年初来の“円高進展”ドル円相場の今後は
大きなカギ握る日米の関税見直し交渉
2025年に入りドル円相場は、急速に円高に進展し非常にボラタイルな相場となっている。
東京外国為替市場では4月21日に140円台となったのに続いて22日は一時139円台まで円高が進み、去年9月以来約7カ月ぶりの円高水準だ。
その背景には、(1)1月の日本銀行による利上げ、(2)2月以降の米景気減速懸念、(3)米国による関税発動後の「米国売り」が挙げられる。
トランプ政権は金融市場のトリプル安の沈静化を狙って、「相互関税」の日本などへの発動の「90日停止」を決めたが、今後の円ドル相場の展開も、日米の関税見直し交渉がどのように進むかが大きなカギになる。
だが米国側からは日本に求めているとされる問題は、日米安全保障の日本の負担増まで幅広く、一方で米国側も貿易赤字が目に見えて減るような特効薬は持てていない。短期間の関税見直し交渉が成果を上げられるのかは見えていない。

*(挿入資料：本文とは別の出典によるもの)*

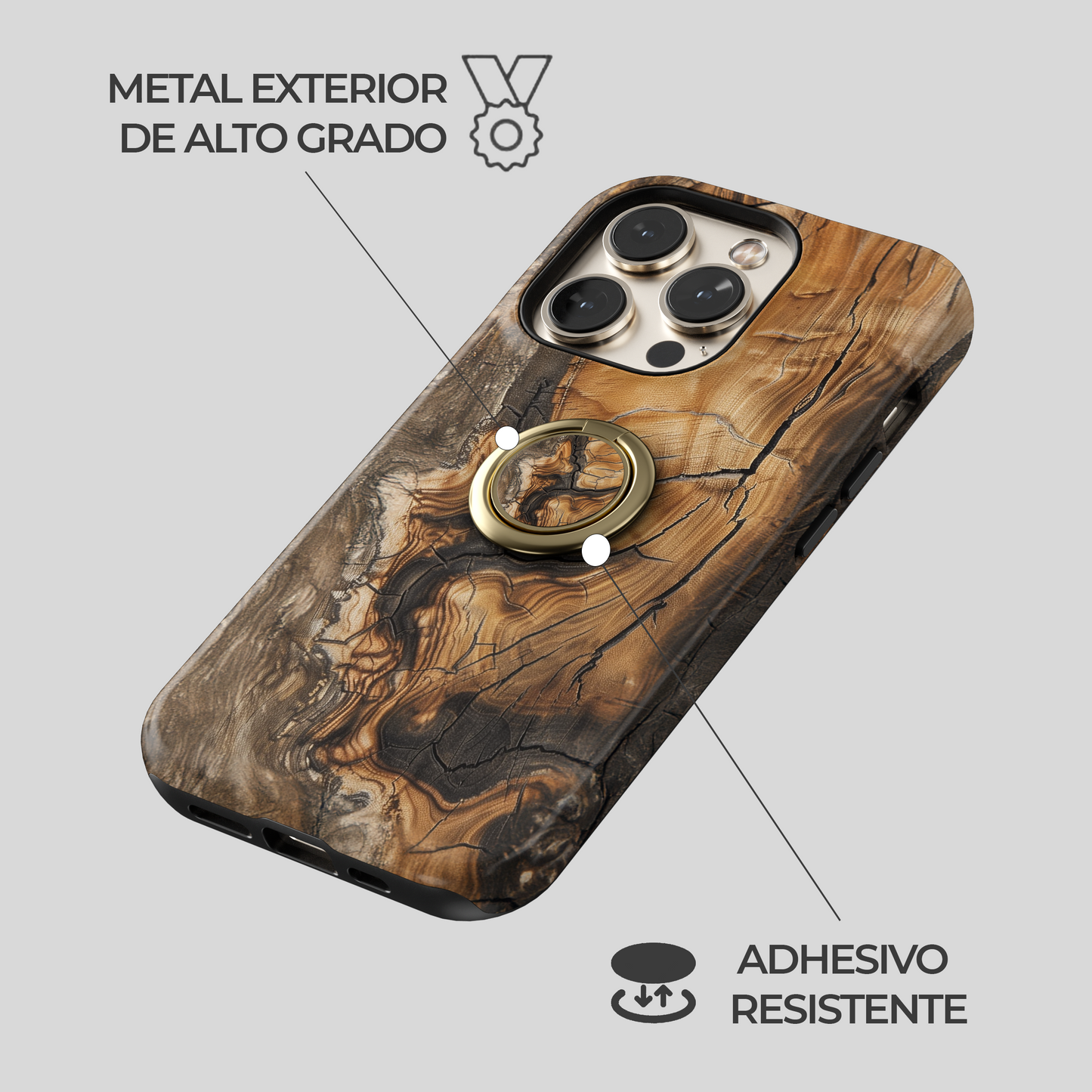 Soporte de anillo para celular Woodcut Elegance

「相互関税」などのトランプ関税政策が仮にこのまま実施される場合には、米国経済はスタグフレーションに陥る可能性があり、米長期金利の低下が続く見通しだ。一方で日本経済も自動車などを中心に米国向け輸出鈍化や海外経済減速の影響から“ゼロ成長”にまで成長率が鈍化、円長期金利上昇の余地も限られるとみる。
ドル円相場は25年末には130円台半ばの円高が定着すると予想される。